DATA →
BEGIN

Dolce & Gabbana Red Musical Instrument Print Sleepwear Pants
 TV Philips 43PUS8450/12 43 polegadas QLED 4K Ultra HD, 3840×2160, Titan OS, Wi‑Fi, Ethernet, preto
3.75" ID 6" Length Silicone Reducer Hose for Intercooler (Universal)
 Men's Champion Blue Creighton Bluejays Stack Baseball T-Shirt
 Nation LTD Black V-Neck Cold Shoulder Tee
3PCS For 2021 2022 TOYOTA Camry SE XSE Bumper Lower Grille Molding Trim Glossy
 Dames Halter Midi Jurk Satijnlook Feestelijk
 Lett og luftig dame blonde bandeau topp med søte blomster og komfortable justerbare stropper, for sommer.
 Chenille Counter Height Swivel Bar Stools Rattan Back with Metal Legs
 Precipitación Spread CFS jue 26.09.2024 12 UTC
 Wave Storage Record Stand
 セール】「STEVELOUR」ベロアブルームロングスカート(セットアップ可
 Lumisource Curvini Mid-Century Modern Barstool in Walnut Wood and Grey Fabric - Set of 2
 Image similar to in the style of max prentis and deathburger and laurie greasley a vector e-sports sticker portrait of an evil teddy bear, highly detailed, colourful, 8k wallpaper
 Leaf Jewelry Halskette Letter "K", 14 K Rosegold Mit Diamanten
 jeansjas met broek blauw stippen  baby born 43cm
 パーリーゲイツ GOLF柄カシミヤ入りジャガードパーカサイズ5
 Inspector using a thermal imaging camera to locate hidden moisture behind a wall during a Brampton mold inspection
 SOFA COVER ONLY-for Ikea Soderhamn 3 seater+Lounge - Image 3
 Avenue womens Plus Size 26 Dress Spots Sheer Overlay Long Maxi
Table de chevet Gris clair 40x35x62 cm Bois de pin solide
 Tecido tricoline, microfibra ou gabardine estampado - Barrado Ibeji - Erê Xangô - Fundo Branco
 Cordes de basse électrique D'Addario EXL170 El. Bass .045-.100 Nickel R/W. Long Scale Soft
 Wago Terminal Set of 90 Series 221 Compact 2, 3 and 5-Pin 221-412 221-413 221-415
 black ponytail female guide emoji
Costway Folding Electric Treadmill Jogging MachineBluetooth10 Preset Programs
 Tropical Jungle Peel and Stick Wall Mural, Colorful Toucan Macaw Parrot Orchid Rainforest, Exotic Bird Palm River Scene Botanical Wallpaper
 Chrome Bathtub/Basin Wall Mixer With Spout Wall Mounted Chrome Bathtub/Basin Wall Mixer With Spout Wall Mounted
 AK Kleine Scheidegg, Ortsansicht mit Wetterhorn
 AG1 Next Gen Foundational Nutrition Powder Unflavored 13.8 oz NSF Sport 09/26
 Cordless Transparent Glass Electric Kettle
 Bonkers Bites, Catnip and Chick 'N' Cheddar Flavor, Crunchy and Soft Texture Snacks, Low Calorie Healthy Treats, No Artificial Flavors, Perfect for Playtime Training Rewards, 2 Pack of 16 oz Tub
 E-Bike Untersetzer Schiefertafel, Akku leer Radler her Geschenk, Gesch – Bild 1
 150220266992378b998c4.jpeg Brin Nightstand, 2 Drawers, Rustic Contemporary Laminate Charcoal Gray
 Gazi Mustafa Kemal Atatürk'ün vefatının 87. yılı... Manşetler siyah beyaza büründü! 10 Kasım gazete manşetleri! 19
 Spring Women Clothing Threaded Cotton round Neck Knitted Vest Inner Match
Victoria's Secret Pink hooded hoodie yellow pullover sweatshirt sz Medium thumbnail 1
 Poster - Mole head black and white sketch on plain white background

END

In the data above, find the line with "TV Philips 43PUS8450/12" and the line with "black ponytail female guide emoji". Retype both, plus every line between them, exactly.

 TV Philips 43PUS8450/12 43 polegadas QLED 4K Ultra HD, 3840×2160, Titan OS, Wi‑Fi, Ethernet, preto
3.75" ID 6" Length Silicone Reducer Hose for Intercooler (Universal)
 Men's Champion Blue Creighton Bluejays Stack Baseball T-Shirt
 Nation LTD Black V-Neck Cold Shoulder Tee
3PCS For 2021 2022 TOYOTA Camry SE XSE Bumper Lower Grille Molding Trim Glossy
 Dames Halter Midi Jurk Satijnlook Feestelijk
 Lett og luftig dame blonde bandeau topp med søte blomster og komfortable justerbare stropper, for sommer.
 Chenille Counter Height Swivel Bar Stools Rattan Back with Metal Legs
 Precipitación Spread CFS jue 26.09.2024 12 UTC
 Wave Storage Record Stand
 セール】「STEVELOUR」ベロアブルームロングスカート(セットアップ可
 Lumisource Curvini Mid-Century Modern Barstool in Walnut Wood and Grey Fabric - Set of 2
 Image similar to in the style of max prentis and deathburger and laurie greasley a vector e-sports sticker portrait of an evil teddy bear, highly detailed, colourful, 8k wallpaper
 Leaf Jewelry Halskette Letter "K", 14 K Rosegold Mit Diamanten
 jeansjas met broek blauw stippen  baby born 43cm
 パーリーゲイツ GOLF柄カシミヤ入りジャガードパーカサイズ5
 Inspector using a thermal imaging camera to locate hidden moisture behind a wall during a Brampton mold inspection
 SOFA COVER ONLY-for Ikea Soderhamn 3 seater+Lounge - Image 3
 Avenue womens Plus Size 26 Dress Spots Sheer Overlay Long Maxi
Table de chevet Gris clair 40x35x62 cm Bois de pin solide
 Tecido tricoline, microfibra ou gabardine estampado - Barrado Ibeji - Erê Xangô - Fundo Branco
 Cordes de basse électrique D'Addario EXL170 El. Bass .045-.100 Nickel R/W. Long Scale Soft
 Wago Terminal Set of 90 Series 221 Compact 2, 3 and 5-Pin 221-412 221-413 221-415
 black ponytail female guide emoji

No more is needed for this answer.